Offer Solutions: If a task is getting behind, hold other team members accountable by following up on deliverables with help from the project manager. The project manager would track the progress or changes to the plan, you can provide recommendations on how to move forward. Message the backend lead, "Hey, I noticed the API isn’t up yet. Are you running into issues? I can adjust my timeline, but we need to figure out a plan, so we don’t block the feature release. This is good communication and ownership. You’ve identified a problem and worked with other team members on how to address it directly. If there is a delay, you can report back to the project manager with updates directly saving the Project Manager time.
Help Others: Owning the implementation doesn’t necessarily mean writing code yourself. It also means helping other team members with their work as well. If you can help 3 other team members improve their efforts by 10%, you’ve got a 30% increase in team effectiveness over just doing it yourself.
Report on Progress: As the implementation progresses, communication shows up in small items such as administration, too. Throughout the development be sure to update the JIRA tickets to reflect that the frontend and backend are integrated, note any pending tasks like further testing or accessibility adjustments.
Report when tasks are done right away. If you’re done with a piece of code early, you don’t need to wait until the next morning’s standup before letting people know. Post an update in Slack: "User profile page is functionally complete. API integration done. Final testing in progress, on track for next week’s release."
As small as it may seem, keeping your tickets, timesheets, and stakeholders informed without needing a reminder provides value. None of these tasks take a significant amount of time. They all help with communication. When a product owner or manager must go back to you to keep the tickets updated or ask about details that you could have communicated, it takes additional time and effort that you could have saved with a simple message or update.
At this point, the amount of effort an engineer spends on a feature starts to diminish, but providing value through ownership doesn’t stop. On to testing and deployment.
As the feature goes through the next steps from functional testing, through integration testing and on to user testing, reach out to make sure the other team members have what they need to test.
Follow Up on Deployments: Reach out to ensure the deployments are successful, testing team members have the data they need or answer some quick questions to move things along.

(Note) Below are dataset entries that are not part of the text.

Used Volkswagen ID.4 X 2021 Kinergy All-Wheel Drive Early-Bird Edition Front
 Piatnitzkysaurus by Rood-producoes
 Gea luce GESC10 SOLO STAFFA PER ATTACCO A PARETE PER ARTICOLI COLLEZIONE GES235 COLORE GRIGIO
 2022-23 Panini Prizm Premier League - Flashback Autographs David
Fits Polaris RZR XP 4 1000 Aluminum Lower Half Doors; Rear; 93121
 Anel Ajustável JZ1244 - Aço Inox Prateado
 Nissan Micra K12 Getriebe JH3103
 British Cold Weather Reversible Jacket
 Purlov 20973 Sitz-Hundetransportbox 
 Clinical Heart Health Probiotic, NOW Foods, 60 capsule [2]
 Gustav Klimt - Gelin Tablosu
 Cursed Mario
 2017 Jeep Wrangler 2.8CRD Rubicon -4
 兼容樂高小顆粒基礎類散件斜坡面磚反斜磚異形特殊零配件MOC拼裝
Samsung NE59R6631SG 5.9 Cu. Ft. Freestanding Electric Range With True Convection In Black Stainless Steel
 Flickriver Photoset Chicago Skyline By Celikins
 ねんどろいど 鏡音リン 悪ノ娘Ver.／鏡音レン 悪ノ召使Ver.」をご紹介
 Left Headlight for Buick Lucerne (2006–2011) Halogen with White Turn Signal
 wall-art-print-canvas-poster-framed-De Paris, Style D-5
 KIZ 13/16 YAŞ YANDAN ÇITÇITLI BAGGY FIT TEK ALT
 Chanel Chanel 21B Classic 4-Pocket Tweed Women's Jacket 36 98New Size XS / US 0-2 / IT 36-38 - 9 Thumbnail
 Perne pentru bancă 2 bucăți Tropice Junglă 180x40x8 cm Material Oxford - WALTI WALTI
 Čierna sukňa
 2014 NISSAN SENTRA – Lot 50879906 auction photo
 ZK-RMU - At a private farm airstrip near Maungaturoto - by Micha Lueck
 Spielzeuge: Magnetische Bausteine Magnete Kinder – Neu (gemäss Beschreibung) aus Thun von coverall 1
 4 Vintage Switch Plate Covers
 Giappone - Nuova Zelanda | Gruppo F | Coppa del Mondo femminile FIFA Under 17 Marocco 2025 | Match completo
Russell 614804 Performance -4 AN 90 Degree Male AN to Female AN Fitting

Follow up on Metrics Yourself: After the deployment, follow up on the expected improvements on the metrics. Perhaps the response time of the web service goes down or the conversion rate of purchases goes up.
Answering the question of “What does that look like?” results in looking for actions you can do to provide value. In this case, it’s all about owning a solution and providing value. It may be other things.
Providing value to a project is not only completing a task but also leading the effort by looking for actions to help move forward on the project. The following list is a good start, but by no means is it complete.
Look for your own ways you can move the project forward by acting. That’s what providing value and leadership looks like.